By KELIN DILLON
Mexico’s usually-robust tourism industry suffered brutal losses in 2020 due to the coronavirus pandemic, reaching its lowest level since World War II, and now experts are warning that 2021 could fare even worse for Mexico’s tourism than its predecessor.
Mexico’s National Institute of Statistics and Geography (Inegi) revealed in a report there was a 46 percent drop in tourism from 2019 to 2020, with only 24.3 million international vacationers entering Mexico last year. The historic drop came after a seven-year period of record-high tourism in the country from 2013 to 2019.
Only $11 billion in revenues came from foreign travelers in 2020, a 55 percent drop from the year prior, which is the largest decrease in history since Mexico’s tourism figures began to be recorded some 40 years ago.
Now, with Mexico’s vaccination program moving at a glacial pace, other countries, such as Canada and the United States, are now levying restrictions against their citizens visiting the country where inhabitants lag behind in inoculation and covid runs rampant.
So far, Mexico has declined to levy the same restrictions against incoming travelers that many of its peers have, including mandatory covid testing and quarantines upon entering the country, in hopes to make Mexico an attractive destination for stir-crazy foreigners looking for an open vacation spot.
“The reactivation of tourism will depend on the application of vaccines in the population, but they are being distributed very slowly in Mexico, and that is closing the doors to the rest of the world,” Pablo Álvarez Icaza, a former official for the Secretariat of Tourism (Sectur), told the El Universal daily newspaper.

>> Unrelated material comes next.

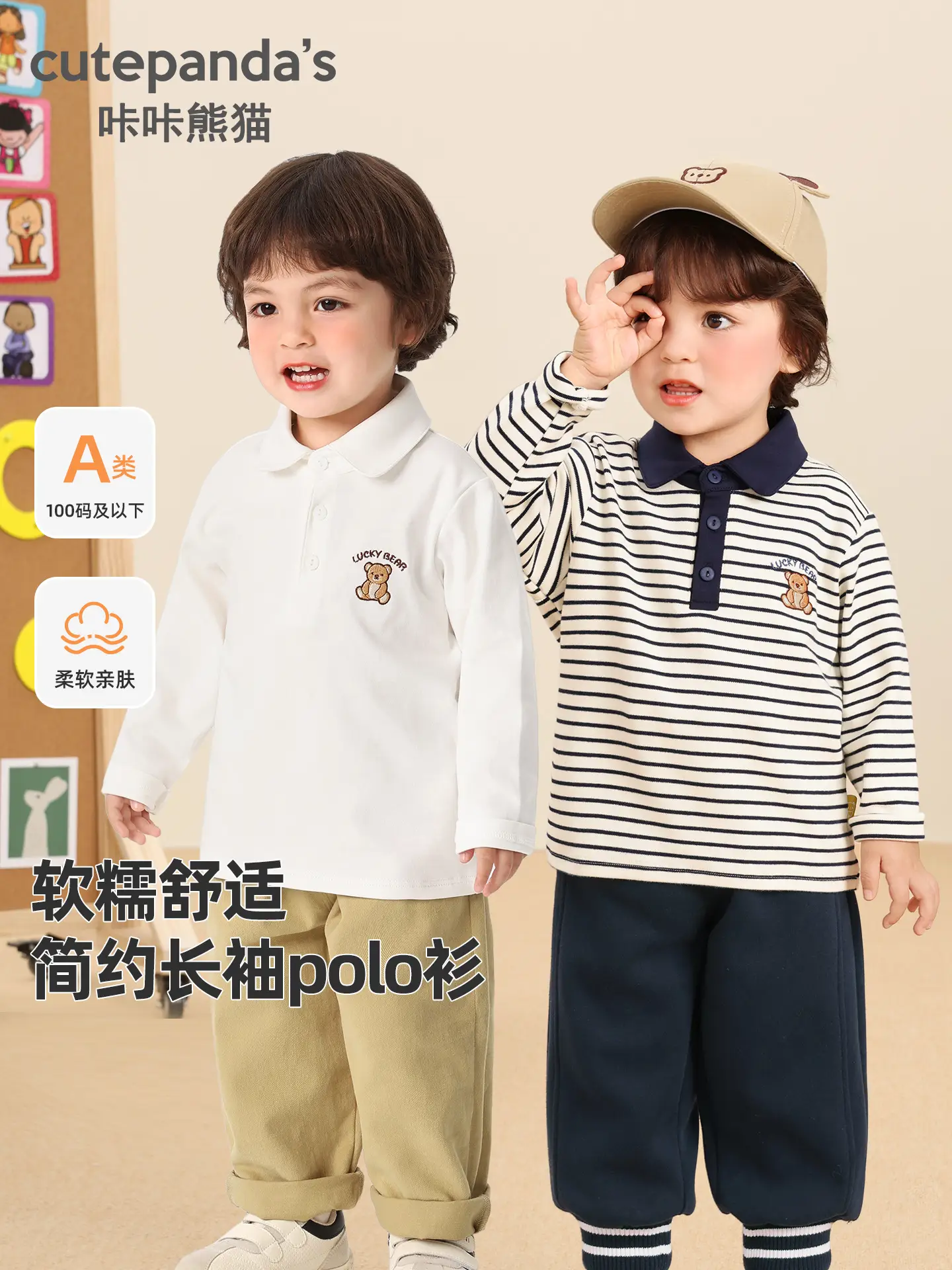 Kaka Panda Boys Long Sleeve Polo Shirt White Blue - Image 14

The United States recently made presenting a negative covid test a requirement for any traveler entering it from a foreign country, potentially deterring travelers from planning new vacations. Canada took things a step father, specifically suspending airline travel between it and Mexico for the foreseeable future, virtually eliminating the possibility of Canadians’ vacationing in Mexico and the much-needed revenue that comes with them.

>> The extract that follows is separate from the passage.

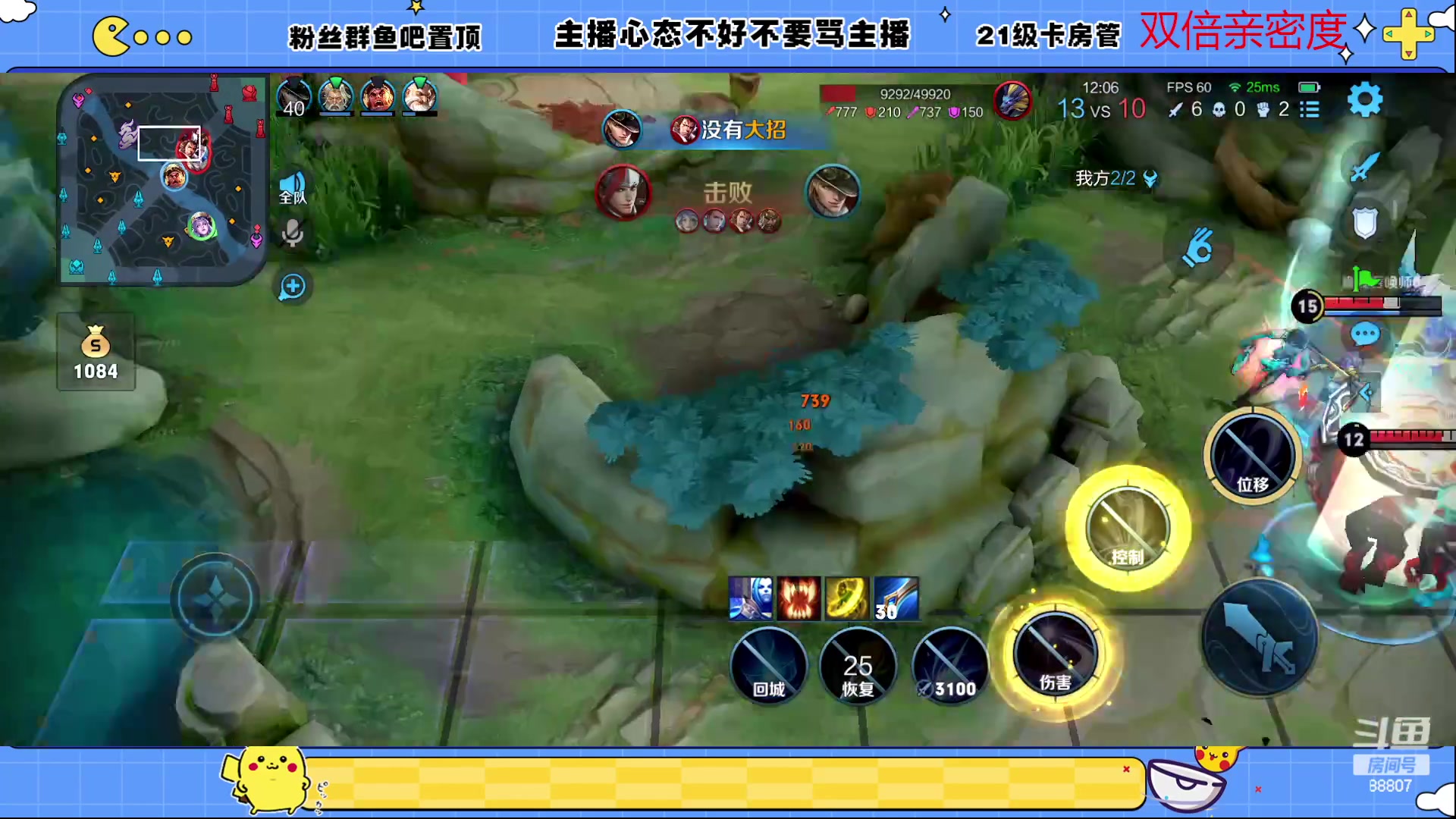 【2023-02-05 17点场】DYG易瞳：全能选手巅峰乱杀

The United Kingdom also announced new travel restrictions for its vacation-friendly population, saying residents may not be allowed to exit the country until the majority of the population has received vaccination.
“Vaccines will not be the magic wand, but a factor for tourism to reactivate faster,” said Armando Bojórquez, president of the Association for Culture and Tourism in Latin America. “The year 2021 may be the same or worse than 2020, with everything and the vaccine.”
Bojórquez also noted that countries which manage to vaccinate their populations the quickest will have a leg up on others in the tourism industry, since those countries will be considered safer for travel than others, like Mexico, which has yet to vaccinate over half a percent of its population. The United States, in comparison, has already given over 10 percent of the population its first dose of the coronavirus vaccine.
Experts hope that with the United States expected to have vaccinated 90 percent of its population by years’ end, tourists will feel more confident traveling to Mexico, even if it hasn’t reached the same levels of inoculation, potentially creating improvements for the tourism sector in 2022.